Di questioni aperte ne ha molte, a livello nazionale e internazionale. Sull'articolo 30 bis del decreto-legge sicurezza, Meloni respinge le critiche al provvedimento. "Sul decreto sicurezza, che io non considero un pasticcio, stiamo raccogliendo alcuni rilievi tecnici del Quirinale e degli avvocati. Trasformeremo quei rilievi in un provvedimento ad hoc perché non c'erano margini di tempo sulla conversione del decreto per correggere la norma, ma la norma rimane perché è una norma di assoluto buon senso". Come? Non è ben chiaro. "Non mi è esattamente chiara la ragione per la quale noi che riconosciamo il gratuito patrocinio all'avvocato che assiste il migrante che fa ricorso contro un decreto di espulsione, non dobbiamo invece riconoscere il lavoro di quel professionista che assiste un migrante quando volontariamente sceglie di essere rimpatriato - le parole della premier -. A me non è chiaro, mi pare che sui rimpatri volontari assistiti siamo d'accordo. È una strumento che l'Europa ci chiede di intensificare, è uno strumento che continuiamo a portare avanti, è uno strumento che stiamo lavorando per rafforzare".
I cronisti non le danno pace - ci fossero più conferenze stampa, sarebbe meglio per tutti -, i responsabili della sicurezza fanno i salti mortali per tenerla riparata dalle domande, e sui rapporti con Washington Meloni nega contatti recenti con la Casa Bianca: "Non ho sentito recentemente il presidente Trump". Ma, aggiunge poi, "in amicizia si dicono le cose come stanno, il coraggio è questo e io l'ho fatto con Trump. I nostri rapporti con gli Usa non cambieranno". Sul dossier Hormuz, infine, Meloni ha ripercorso la posizione italiana in sede internazionale, ricordando il tentativo di ottenere una copertura dell'Onu naufragato per il veto incrociato di Stati Uniti e Cina in Consiglio di sicurezza: "Noi siamo stati tra i primi a proporre che ci fosse una copertura Onu su una eventuale missione a Hormuz e questo non è stato possibile per un veto che c'è nel Consiglio di sicurezza da parte di Usa e Cina. Vedremo se nelle prossime settimane questo veto può essere superato". La premier ha quindi delineato le condizioni alle quali l'Italia potrebbe partecipare a una simile operazione, rimettendo la parola finale al Parlamento: "Se non dovesse essere superato, a condizioni date che abbiamo già chiarito, ci deve essere una cessazione delle ostilità e una ampissima adesione internazionale, la postura della missione deve essere solo difensiva - ha concluso -. Io penso che l'Italia dovrebbe esserci ma deve essere il Parlamento a esprimersi".

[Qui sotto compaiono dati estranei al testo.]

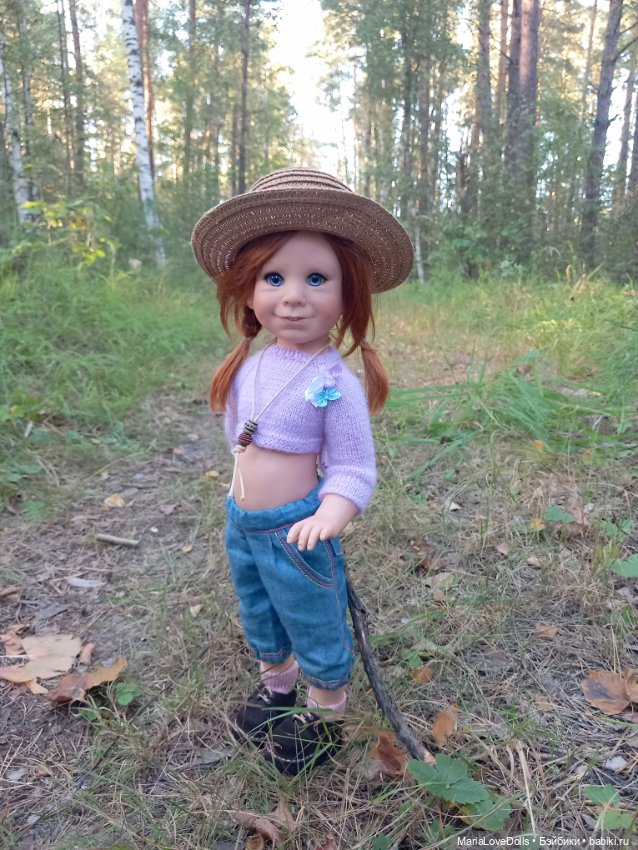 Рыжий день для двух рыжиков.., нет... для трёх (фото 6)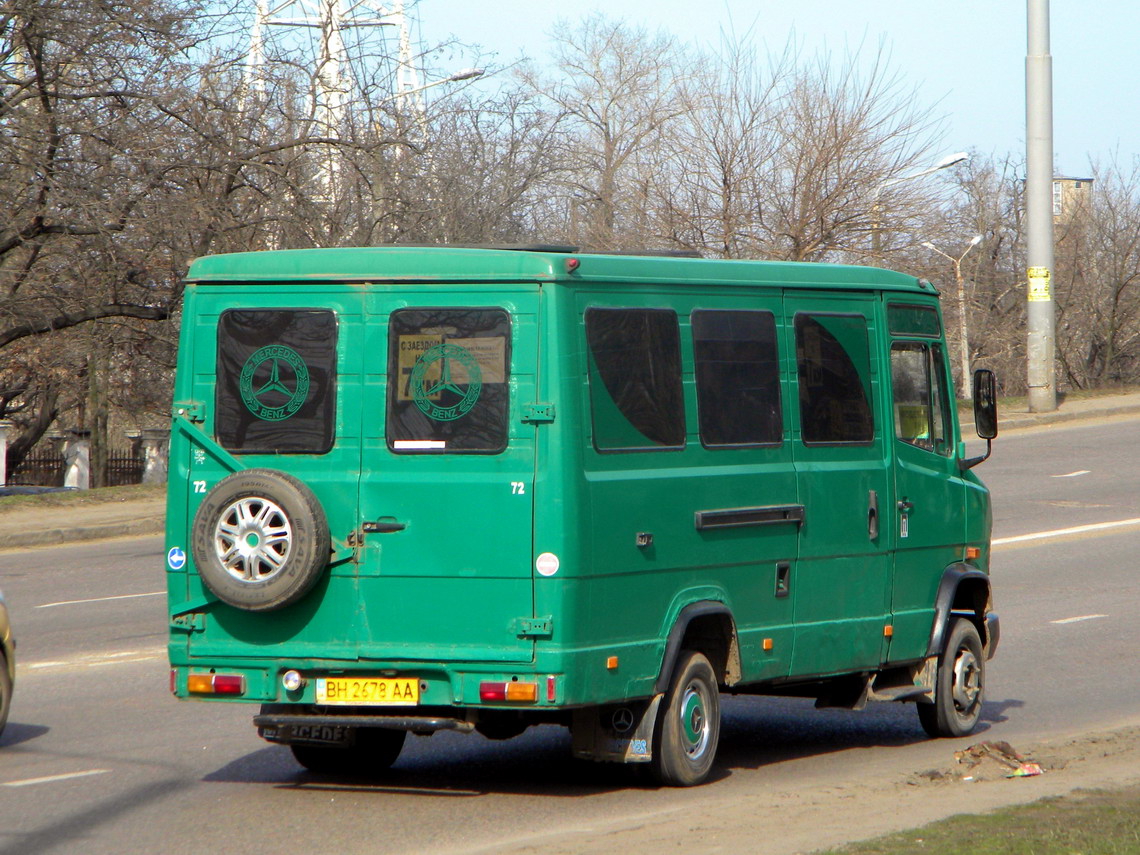 Одесская область, Mercedes-Benz T2 508D № BH 2678 AA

Il codazzo imponente che la segue attira le curiosità dei visitatori. Non ci sono manifestazioni di entusiasmo, qualcuno grida "vota no!", c'è anche chi fa una pernacchia, invece nello spazio di un noto mobiliere veneto viene accolta come la salvatrice: "Tenga duro. La difenderemo dagli attacchi", dice l'anziano patron, e non a caso lì quando se ne va le fanno un applauso.
C'è anche tempo per un colloquio con Matteo Salvini dentro uno stand di cucine, dove Meloni si ferma a mangiare, gli agenti chiudono i locali del marchio per una mezz'ora. Il segretario della Lega era arrivato due ore dopo della presidente del Consiglio, ma la sua presenza passa in secondo piano.
Riguardo alla posizione di Giuseppina Di Foggia, la presidente del Consiglio ha chiarito che spetta all'interessata sciogliere il nodo tra il ruolo alla presidenza dell'Eni e la liquidazione di Terna: "Questa credo che sia una scelta della Di Foggia. Ovviamente, nel caso valutiamo le nostre alternative. Penso che la Di Foggia debba scegliere tra la presidenza dell'Eni e la buonuscita di Terna. Mi pare abbastanza semplice la questione".